• Try it
Print the data below verbatim, minus images.

[[ Data records, beginning ]]

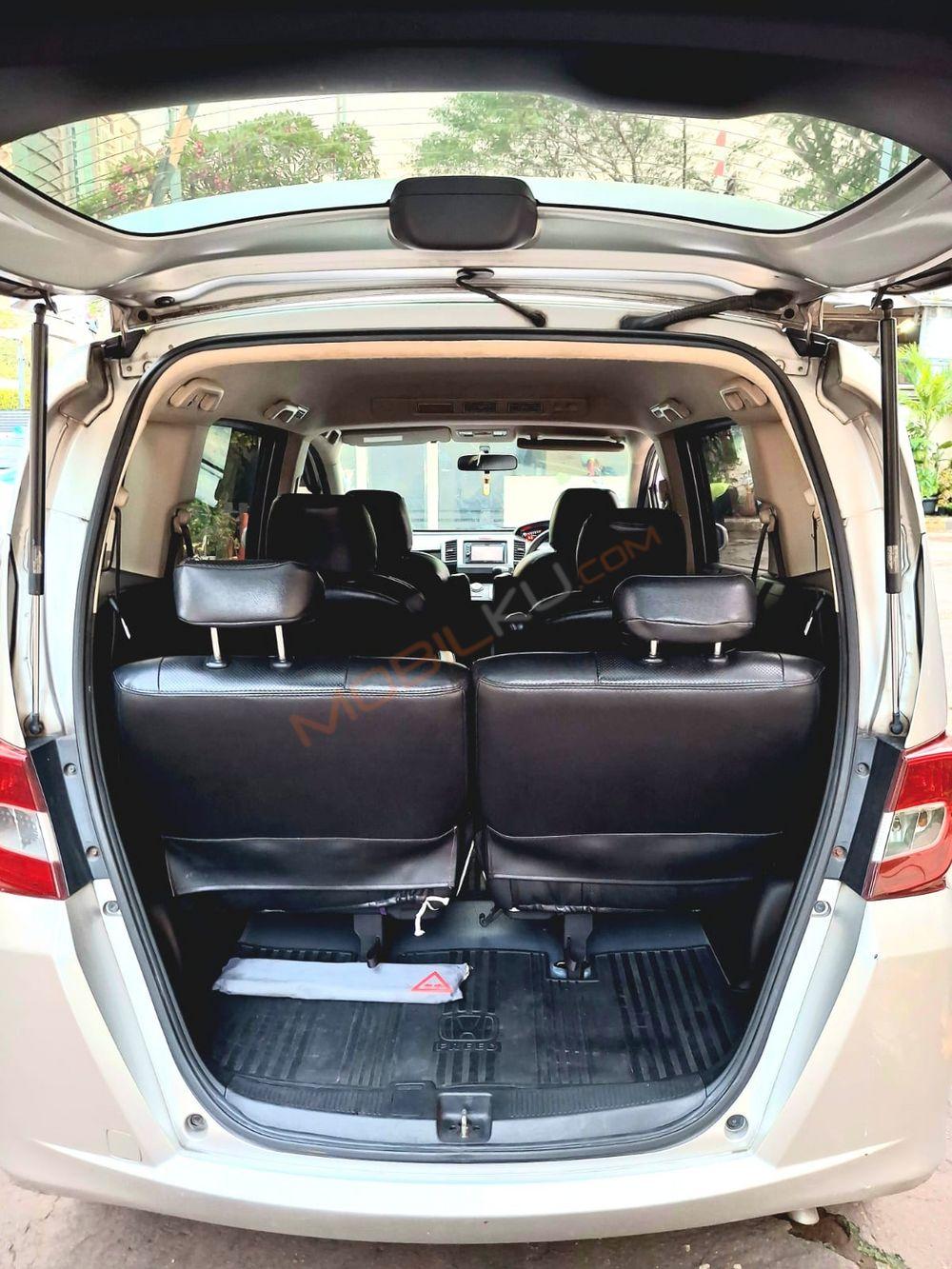 Mobil Honda Freed 2013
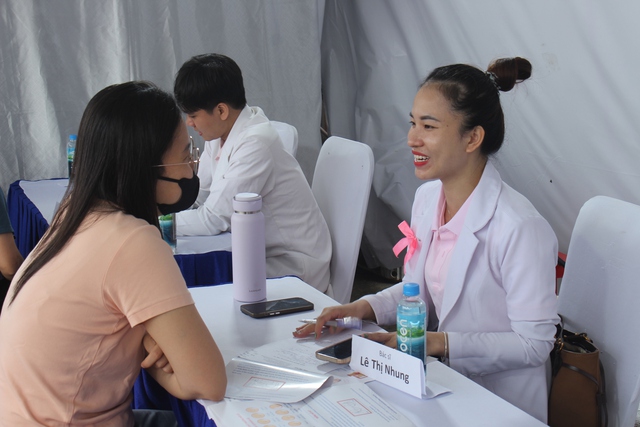 Hơn 5000 người tham gia 'Giải chạy Hồng' vì bệnh nhân ung thư vú năm 2025 - Ảnh 4.
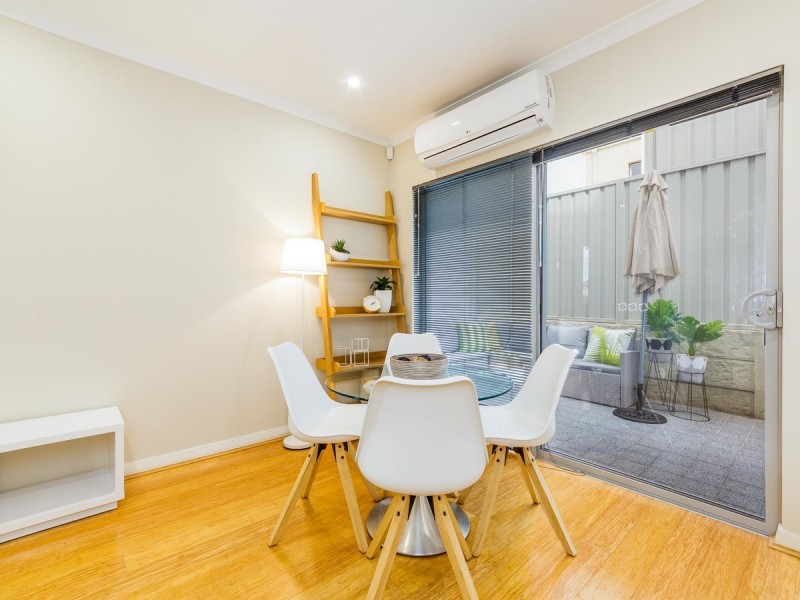 2/7 Mahlberg Avenue, Woodlands WA 6018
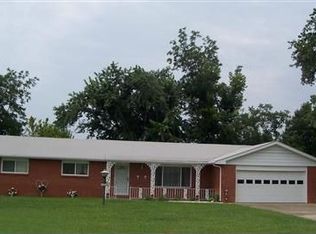 109 N Old Wilderness Rd, Nixa, MO 65714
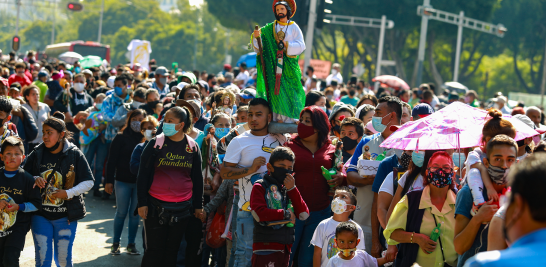 Desde la madrugada de este jueves cientos de personas acudieron al templo de San Hipólito en la CDMX, con motivo de la celebración de San Judas Tadeo. Foto EE: Eric Lugo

[[ Data records, end ]]

• Written answer
 Mobil Honda Freed 2013
 Hơn 5000 người tham gia 'Giải chạy Hồng' vì bệnh nhân ung thư vú năm 2025 - Ảnh 4.
 2/7 Mahlberg Avenue, Woodlands WA 6018
 109 N Old Wilderness Rd, Nixa, MO 65714
 Desde la madrugada de este jueves cientos de personas acudieron al templo de San Hipólito en la CDMX, con motivo de la celebración de San Judas Tadeo. Foto EE: Eric Lugo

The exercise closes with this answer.